Laertes is delighted to hear that Hamlet's back in Denmark: it means he can accuse him of being responsible for his father's death and his sister's madness (lines 61-63). Claudius rejoins that they can do better than that: they can arrange to have Hamlet killed in such a way that even the queen will call it an accident (lines 71-76). Claudius' plan is to stage a fencing bout between Hamlet and Laertes, in which Laertes' sword will remain 'accidentally' sharp. Laertes loves this plan, and adds that he'll put some poison on the sword, so that Hamlet will die, even if he's only scratched. Laertes' extreme eagerness to take revenge for his father's death is contrasted implicitly with Hamlet's inaction.

It's easy to sympathize with Laertes' grief and anger, but Shakespeare leaves the audience with questions, as well. Who buys a poison off a traveling salesman? What kind of life has Laertes been leading in Paris, that he is famous for sword fighting and just happens to have a deadly poison on him? Claudius is better at plotting than Laertes. After all, he has practice. Having decided on assassination, he also has a backup plan ready: he'll poison a glass of wine, so that if Laertes doesn't succeed in touching Hamlet with his sword, they can poison the prince another way.

Ophelia Drowns

For the second time in the scene, Claudius and Laertes are interrupted. Gertrude comes in, obviously distraught. When she can catch her breath, she addresses Laertes directly. In ignoring the king, she's breaking the rules of court etiquette, but her news is dire: Ophelia's drowned.

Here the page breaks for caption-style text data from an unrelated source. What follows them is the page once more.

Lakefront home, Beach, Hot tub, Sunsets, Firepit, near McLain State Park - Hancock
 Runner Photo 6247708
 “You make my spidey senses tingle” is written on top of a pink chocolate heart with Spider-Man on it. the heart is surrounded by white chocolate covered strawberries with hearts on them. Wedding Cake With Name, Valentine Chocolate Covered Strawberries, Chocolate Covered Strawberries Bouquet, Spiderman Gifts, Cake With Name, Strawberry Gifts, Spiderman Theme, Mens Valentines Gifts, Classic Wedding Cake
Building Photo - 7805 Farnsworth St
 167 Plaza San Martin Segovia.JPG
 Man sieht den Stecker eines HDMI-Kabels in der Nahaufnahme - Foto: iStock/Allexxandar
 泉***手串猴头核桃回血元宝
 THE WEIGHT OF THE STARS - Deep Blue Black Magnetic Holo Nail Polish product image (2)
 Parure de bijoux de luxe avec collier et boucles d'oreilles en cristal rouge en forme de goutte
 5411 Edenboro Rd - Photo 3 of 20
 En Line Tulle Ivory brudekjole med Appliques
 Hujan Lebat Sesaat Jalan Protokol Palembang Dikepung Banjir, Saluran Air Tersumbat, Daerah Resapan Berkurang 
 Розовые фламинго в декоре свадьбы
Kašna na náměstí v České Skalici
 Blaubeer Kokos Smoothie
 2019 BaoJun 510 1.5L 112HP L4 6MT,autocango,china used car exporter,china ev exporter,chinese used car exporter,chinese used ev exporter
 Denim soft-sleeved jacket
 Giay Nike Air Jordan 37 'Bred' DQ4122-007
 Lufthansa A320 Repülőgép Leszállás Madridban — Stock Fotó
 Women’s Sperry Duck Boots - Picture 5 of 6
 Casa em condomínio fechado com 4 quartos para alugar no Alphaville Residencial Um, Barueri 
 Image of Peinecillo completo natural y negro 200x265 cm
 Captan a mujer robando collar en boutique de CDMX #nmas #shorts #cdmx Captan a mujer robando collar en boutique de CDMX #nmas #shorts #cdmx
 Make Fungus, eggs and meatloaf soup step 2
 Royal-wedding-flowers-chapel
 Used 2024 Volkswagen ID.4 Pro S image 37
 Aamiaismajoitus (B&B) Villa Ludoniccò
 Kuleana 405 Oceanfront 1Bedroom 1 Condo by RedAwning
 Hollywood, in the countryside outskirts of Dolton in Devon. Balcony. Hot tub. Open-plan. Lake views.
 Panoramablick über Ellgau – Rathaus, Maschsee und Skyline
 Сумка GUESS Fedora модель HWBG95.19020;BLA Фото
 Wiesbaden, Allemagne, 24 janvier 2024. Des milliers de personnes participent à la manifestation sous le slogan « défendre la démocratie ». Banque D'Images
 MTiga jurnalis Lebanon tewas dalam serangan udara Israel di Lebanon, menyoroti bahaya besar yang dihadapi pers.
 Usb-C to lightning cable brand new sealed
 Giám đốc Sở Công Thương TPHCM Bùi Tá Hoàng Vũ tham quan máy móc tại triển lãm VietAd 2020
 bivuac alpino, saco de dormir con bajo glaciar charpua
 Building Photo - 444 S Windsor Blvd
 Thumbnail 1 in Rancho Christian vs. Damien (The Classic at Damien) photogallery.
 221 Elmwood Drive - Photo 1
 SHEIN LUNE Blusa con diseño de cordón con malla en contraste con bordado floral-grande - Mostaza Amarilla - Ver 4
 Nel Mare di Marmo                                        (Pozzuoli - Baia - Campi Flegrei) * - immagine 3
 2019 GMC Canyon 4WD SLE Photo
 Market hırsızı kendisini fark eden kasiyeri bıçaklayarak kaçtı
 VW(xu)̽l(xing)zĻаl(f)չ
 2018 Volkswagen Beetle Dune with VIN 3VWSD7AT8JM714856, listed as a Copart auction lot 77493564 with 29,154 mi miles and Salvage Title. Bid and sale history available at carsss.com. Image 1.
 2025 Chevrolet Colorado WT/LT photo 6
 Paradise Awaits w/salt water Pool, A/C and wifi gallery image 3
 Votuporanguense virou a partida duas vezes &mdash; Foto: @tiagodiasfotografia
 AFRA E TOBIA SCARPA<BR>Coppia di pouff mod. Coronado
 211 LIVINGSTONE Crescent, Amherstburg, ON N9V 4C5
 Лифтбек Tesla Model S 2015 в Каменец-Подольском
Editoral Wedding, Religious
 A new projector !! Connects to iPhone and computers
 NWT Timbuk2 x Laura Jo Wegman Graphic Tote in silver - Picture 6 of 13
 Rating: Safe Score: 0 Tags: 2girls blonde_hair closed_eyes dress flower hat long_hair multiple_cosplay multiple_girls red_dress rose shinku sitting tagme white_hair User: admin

J. E. Millais, Ophelia in the Brook
Millais

Later artists have been guilty of prettifying Ophelia's death; there's a lot of sexist voyeurism in the Victorian fascination with the scene so vividly described by Gertrude. In the context of the play, however, Shakespeare makes this horrifying. Even the king and queen are deeply disturbed. Shakespeare wants his audience to share this feeling. In the queen's identification of flowers that are sometimes given sexual nicknames, and sometimes called 'dead men's fingers,' she alludes to Hamlet's cruelty and Polonius' death as the twofold cause of Ophelia's madness (lines 193-95).